Over the millenia, legends have developed around mathematical problems involving series and sequences. One of the most famous legends about series concerns the invention of chess. According to the legend, an Indian king summoned the inventor and suggested that he choose the award for the creation of an interesting and wise game. The king was amazed by the “modest” request from the inventor who asked to give him for the first cell of the chessboard 1 grain of wheat, for the second—2 grains, for the third—4 grains, for the fourth—twice as much as in the previous cell, etc. As a result, the total number of grains per 64 cells of the chessboard would be so huge that the king would have to plant it everywhere on the entire surface of the Earth including the space of the oceans, mountains, and deserts and even then would not have enough!
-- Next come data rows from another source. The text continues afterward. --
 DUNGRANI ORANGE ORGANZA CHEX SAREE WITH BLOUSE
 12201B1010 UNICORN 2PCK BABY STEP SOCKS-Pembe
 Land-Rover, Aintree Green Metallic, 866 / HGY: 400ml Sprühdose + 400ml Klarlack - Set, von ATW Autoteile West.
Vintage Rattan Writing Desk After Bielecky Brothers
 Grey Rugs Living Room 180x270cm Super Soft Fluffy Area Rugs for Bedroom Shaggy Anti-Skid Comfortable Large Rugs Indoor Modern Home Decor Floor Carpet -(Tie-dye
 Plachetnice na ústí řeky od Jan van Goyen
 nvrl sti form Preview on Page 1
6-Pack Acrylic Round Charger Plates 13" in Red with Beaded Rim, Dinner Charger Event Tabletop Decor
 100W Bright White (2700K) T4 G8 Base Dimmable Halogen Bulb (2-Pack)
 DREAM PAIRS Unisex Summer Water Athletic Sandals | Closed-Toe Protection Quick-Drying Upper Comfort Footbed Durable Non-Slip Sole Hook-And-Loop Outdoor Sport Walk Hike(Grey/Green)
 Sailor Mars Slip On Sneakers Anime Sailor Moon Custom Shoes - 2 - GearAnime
Have you ever thought of how archeologists in the movies, such as Indiana Jones, can predict the age of different artifacts? Do not you know that the age of artifacts in real life can be established by the amount of the radioactive isotope of Carbon 14 in the artifact? Carbon 14 has a very long half-lifetime which means that each half-lifetime of 5730 years or so, the amount of the isotope is reduced by half. Hence, these consecutive amounts of Carbon 14 are the terms of a decreasing geometric progression with common ratio of ½.
This chapter is for those who want to see applications of arithmetic and geometric progressions to real life. There are many applications for sciences, business, personal finance, and even for health, but most people are unaware of these. We will familiarize you with these by giving you five mini-projects and some related problems associated with the concepts afterwards.